Parliament of South Africa
- Long title Act to declare the abdication of King Edward the Eighth and to provide for alterations in the laws relating to the succession to the throne and for purposes connected therewith. ;
- Citation: Act No. 2 of 1937
- Territorial extent: Union of South Africa
- Enacted by: Parliament of South Africa
- Royal assent: 6 February 1937
- Commenced: 10 February 1937
- Repealed: 31 May 1961

Repealed by
- Republic of South Africa Constitution Act, 1961

Related legislation
- His Majesty's Declaration of Abdication Act 1936 (UK)

= His Majesty King Edward the Eighth's Abdication Act, 1937 =

Act of the Parliament of South Africa

His Majesty King Edward the Eighth's Abdication Act, 1937 (Act No. 2 of 1937) was an act of the Parliament of South Africa that ratified the abdication of King Edward VIII and the succession to the throne of King George VI. Although the South African cabinet had assented to the passage of His Majesty's Declaration of Abdication Act 1936 by the Parliament of the United Kingdom at the time of the abdication in December 1936, the South African act was passed in February 1937 to resolve legal uncertainties.

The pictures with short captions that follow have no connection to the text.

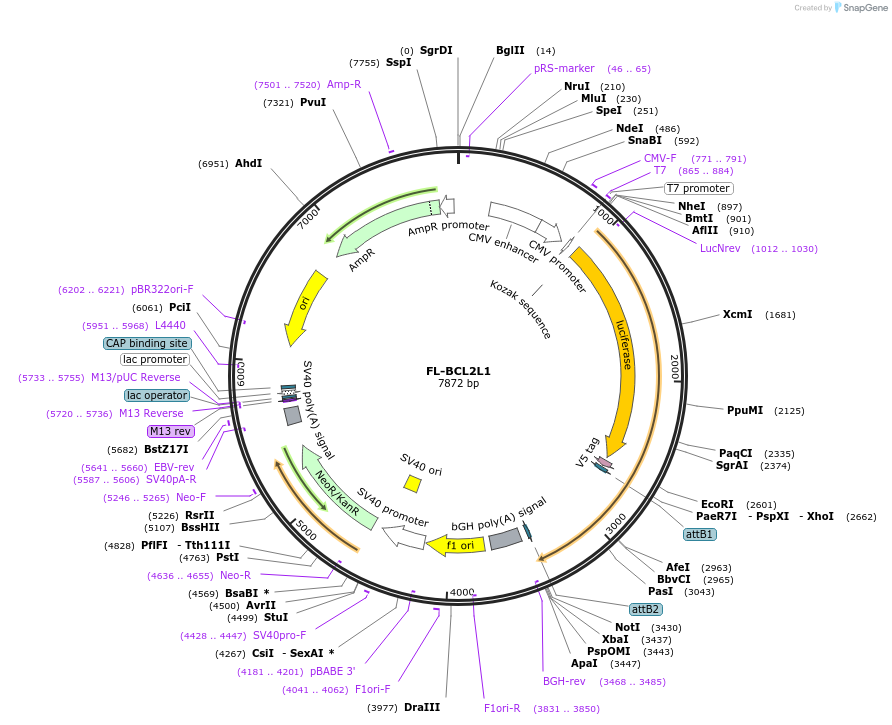 78860-plasmid-map-sequence-id-147489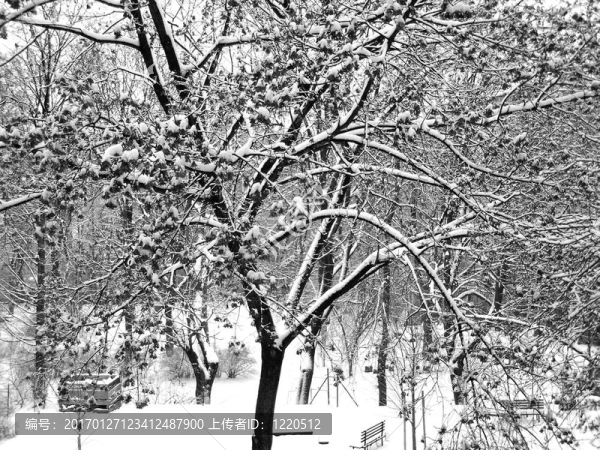 公園里的雪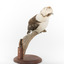 Kookaburra standing on a wooden branch facing forward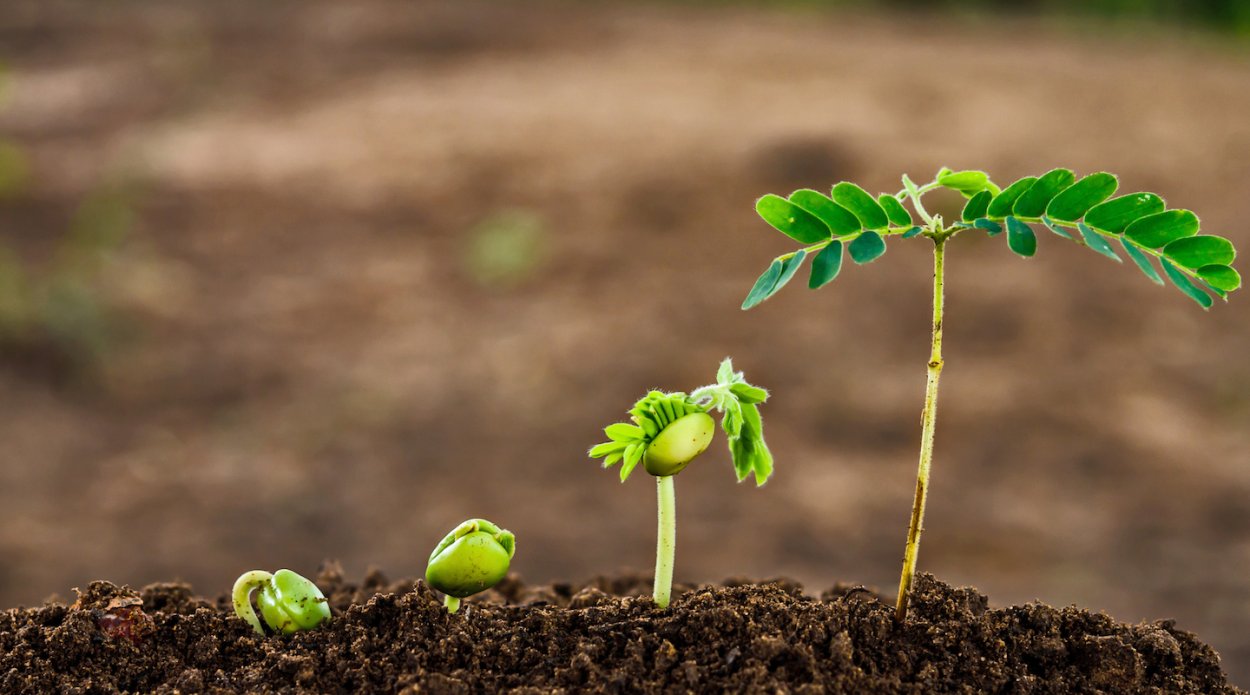 Росток абрикоса из косточки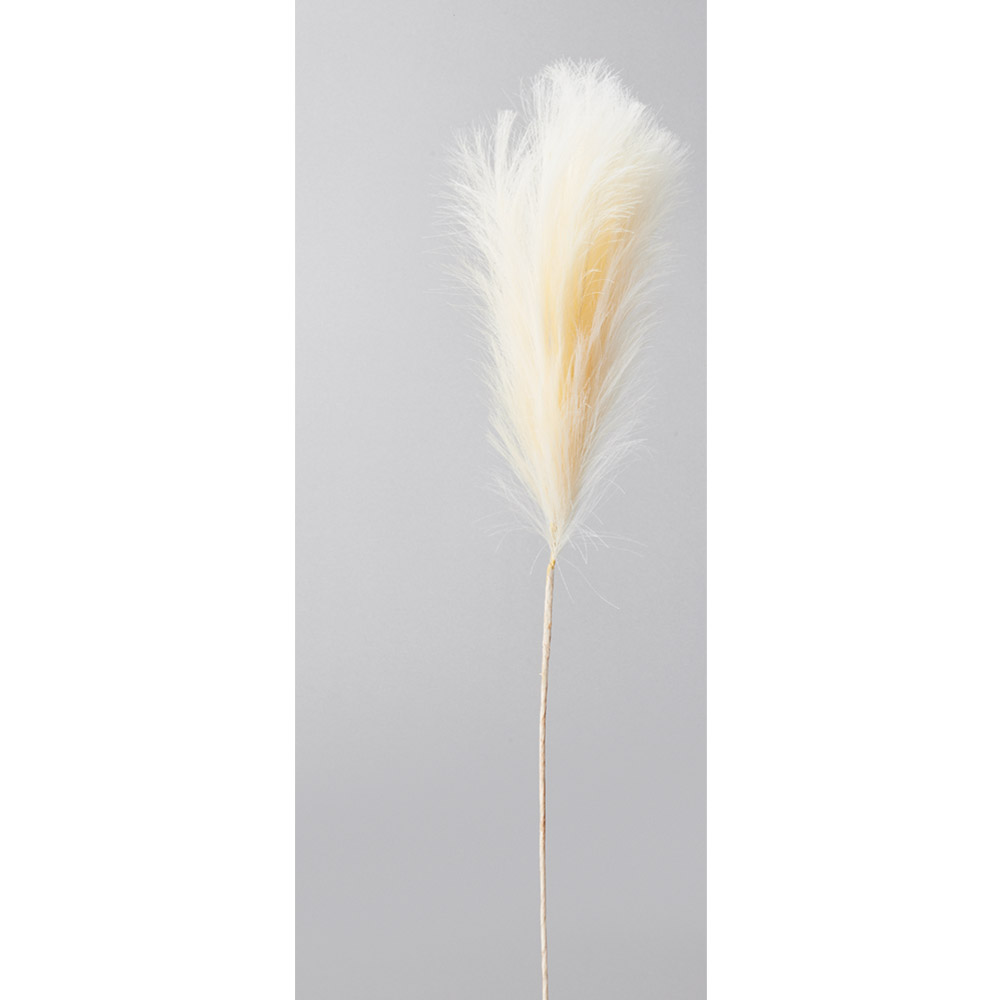 パンパス｜商品案内｜株式会社アスカ商会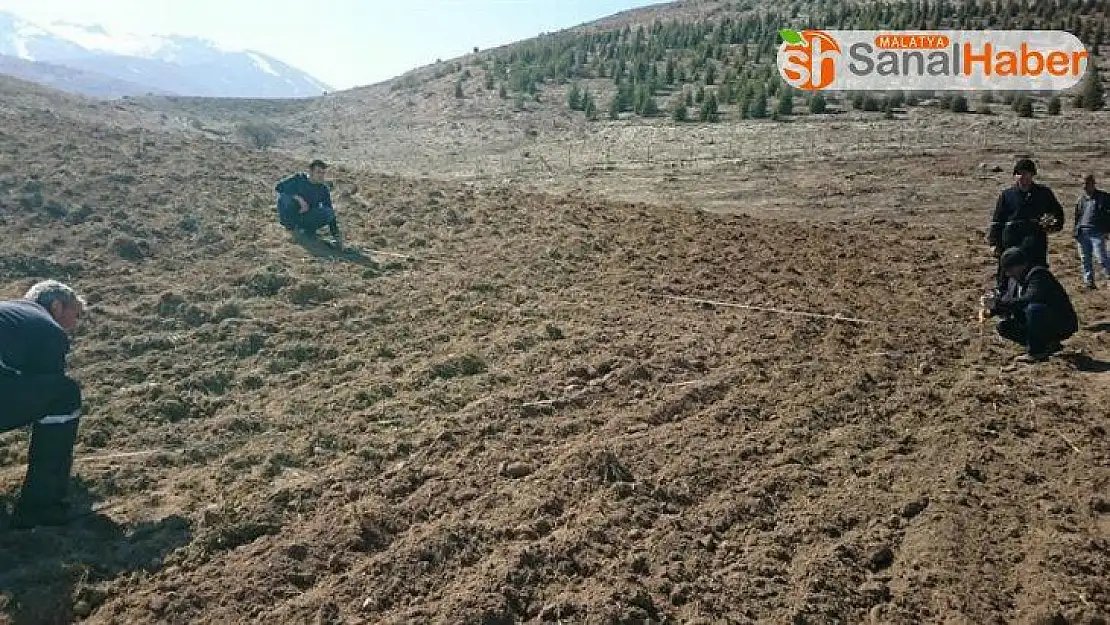 Tarımsal faaliyetler için il dışına çıkılabilir mi?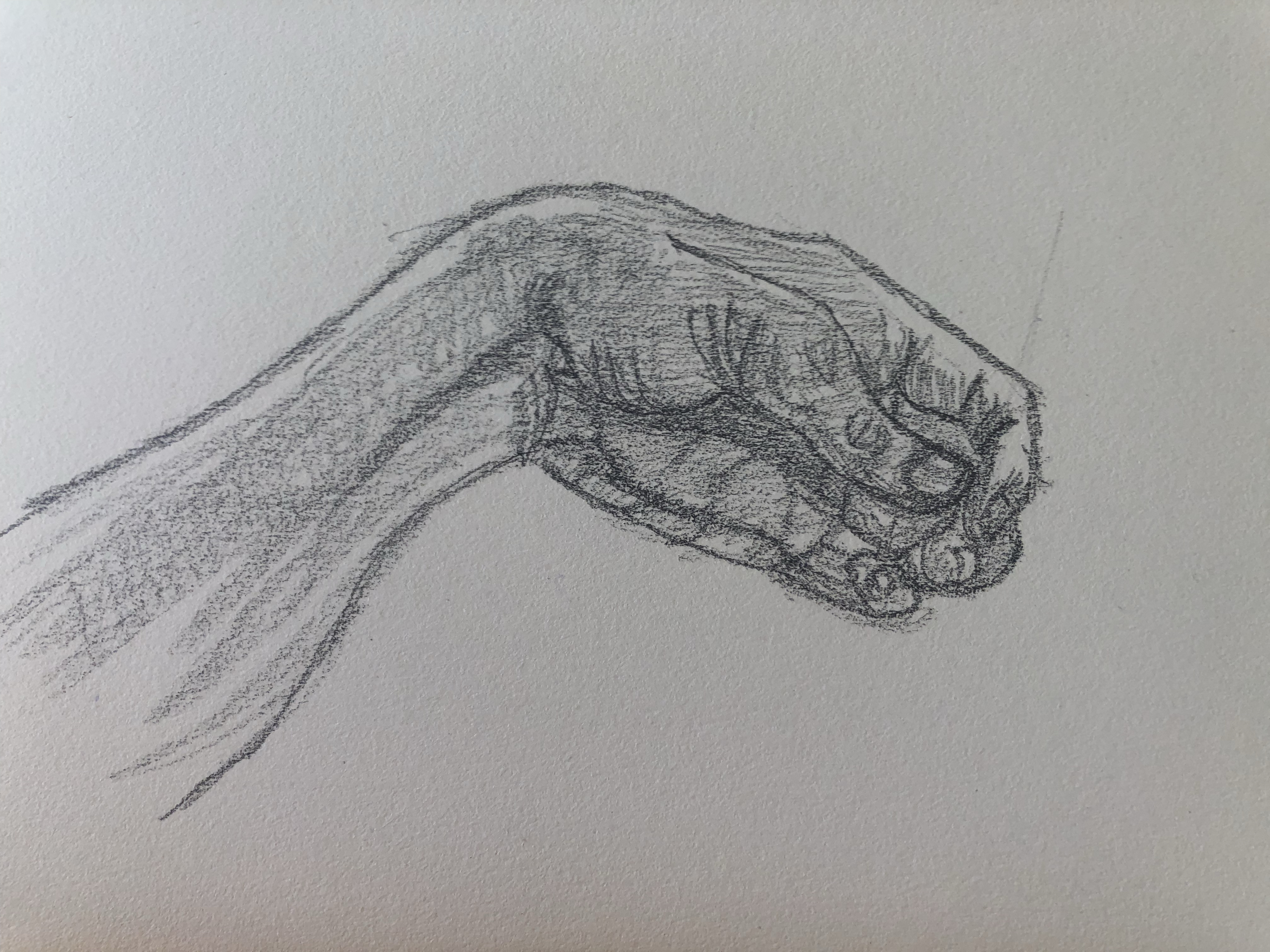 动态连更挑战#  素描练习, 手部姿态合集.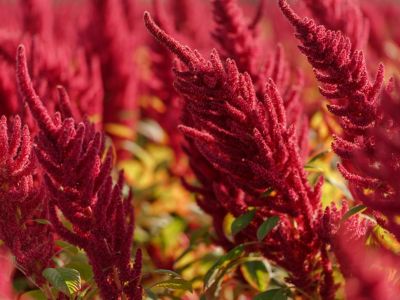 Red Amaranth Plant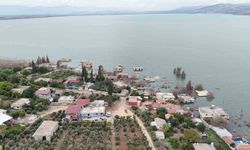 Aşırı yağışlarla birlikte sular altında kalan köy olta balıkçılarının uğrak noktası oldu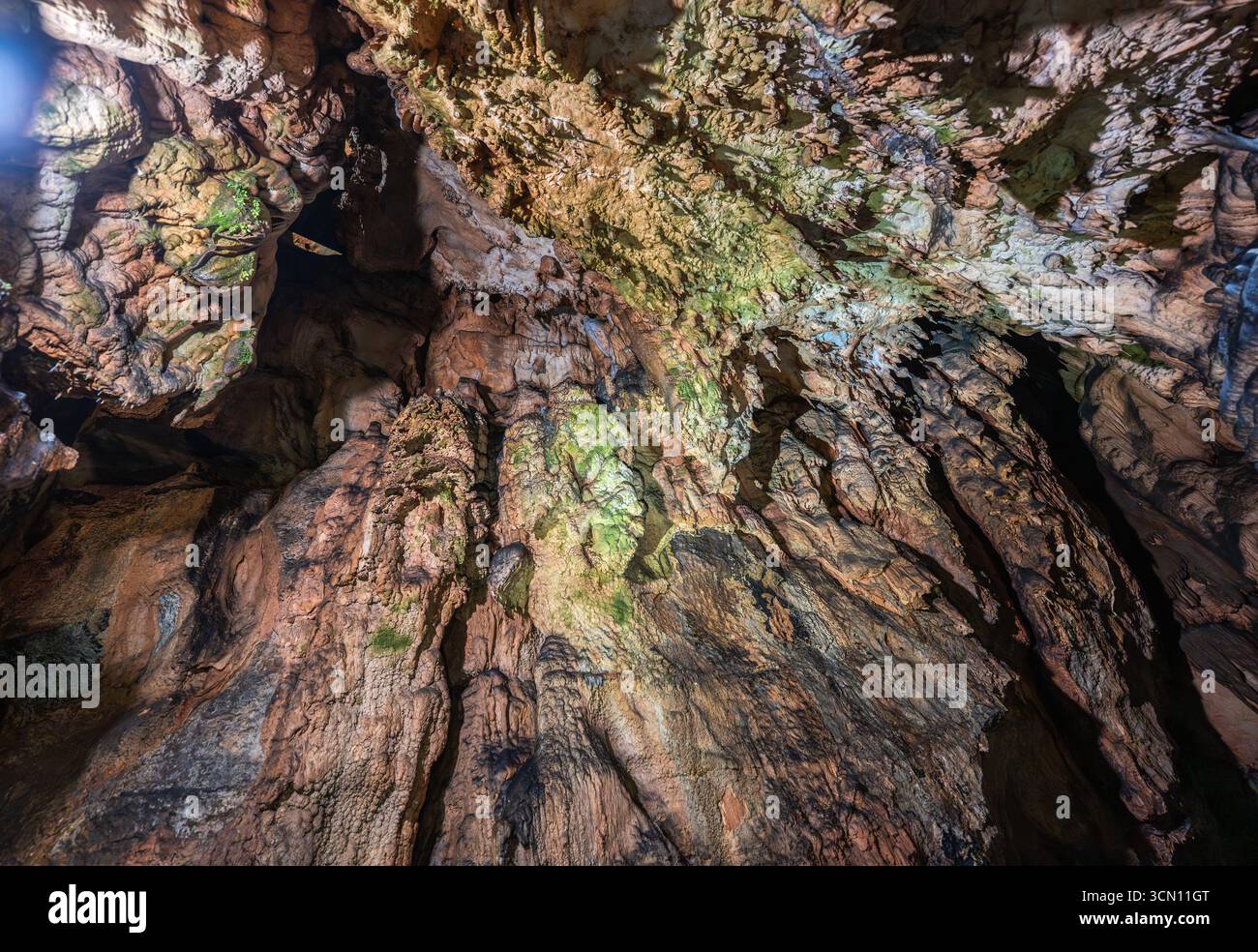 Cave ceiling with limestone stalactites and traces of green growth from ...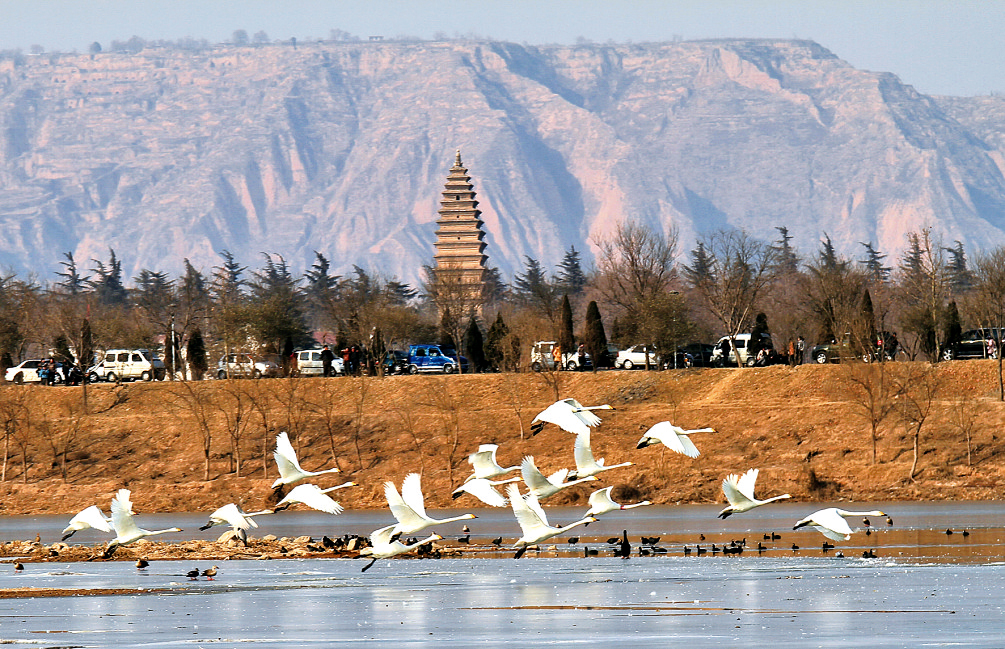 5月19日，“中國(guó)旅游日”河南分會(huì)場(chǎng)活動(dòng)將在天鵝之城——三門峽舉辦。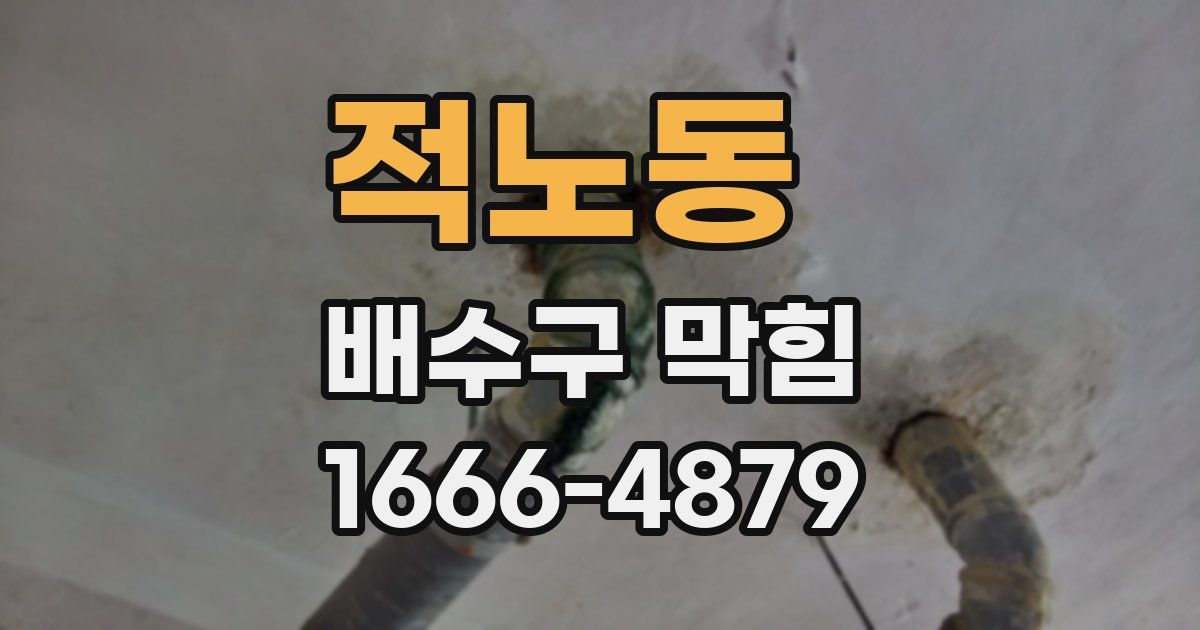 적노동 배수구 막힘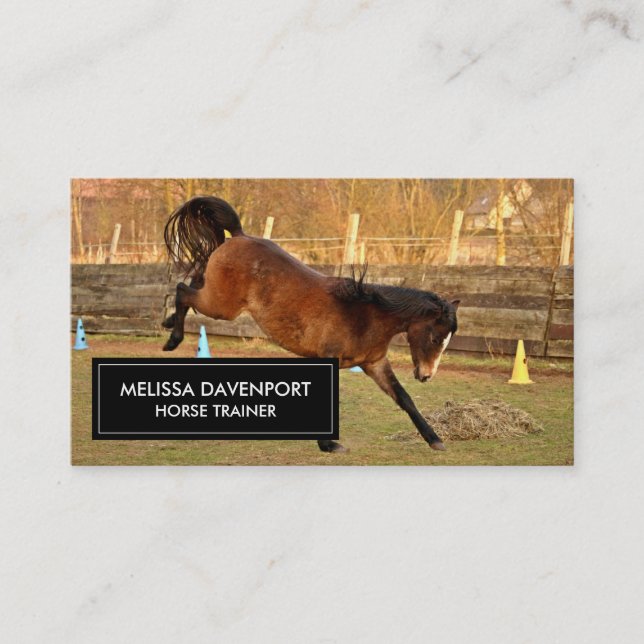 Brown Bucking Horse Photograph Playful and Wild Business Card (Front)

The Statute of Westminster 1931 gave the dominions, including the Union of South Africa, full legislative independence from the United Kingdom, and provided that no act of the British Parliament would apply in a dominion unless the dominion requested and consented that it do so. The preamble of the statute also stated that any changes to the succession to the throne would require the assent of the parliaments of all of the dominions. After Edward signed the Instrument of Abdication on 10 December 1936, the British government communicated with the Dominion governments, who agreed to the passage of the Abdication Act by the British Parliament. Only the Canadian government formally "requested and consented", however, while the Australian, New Zealand and South African governments merely "assented" to the legislation.

The legal position in South Africa was further complicated by the provisions of the Status of the Union Act, 1934. Section two of that act provided that no act of the British parliament would apply in South Africa without an act of the South African parliament making it applicable; this was a stricter requirement than the "request and consent" requirement of the Statute of Westminster. On the other hand, section five of the Status of the Union Act defined the succession to the throne by reference to the law of succession applicable in the United Kingdom.

To resolve this confusion, the South African parliament enacted in February 1937 its own Abdication Act. It contained the same provisions as the British act, declaring the accession of George VI to the throne, excluding Edward VIII and his descendants from any right to the throne, and excluding them from the provisions of the Royal Marriages Act. However, the South African act declared the abdication and accession to have occurred on 10 December when Edward signed the Instrument of Abdication, rather than 11 December when the Abdication Act had come into force in the UK. It also declared that actions taken in the name of Edward VIII after the abdication but before the passage of the South African act were deemed to be valid.

The act was repealed by the South African Constitution of 1961 when South Africa became a republic.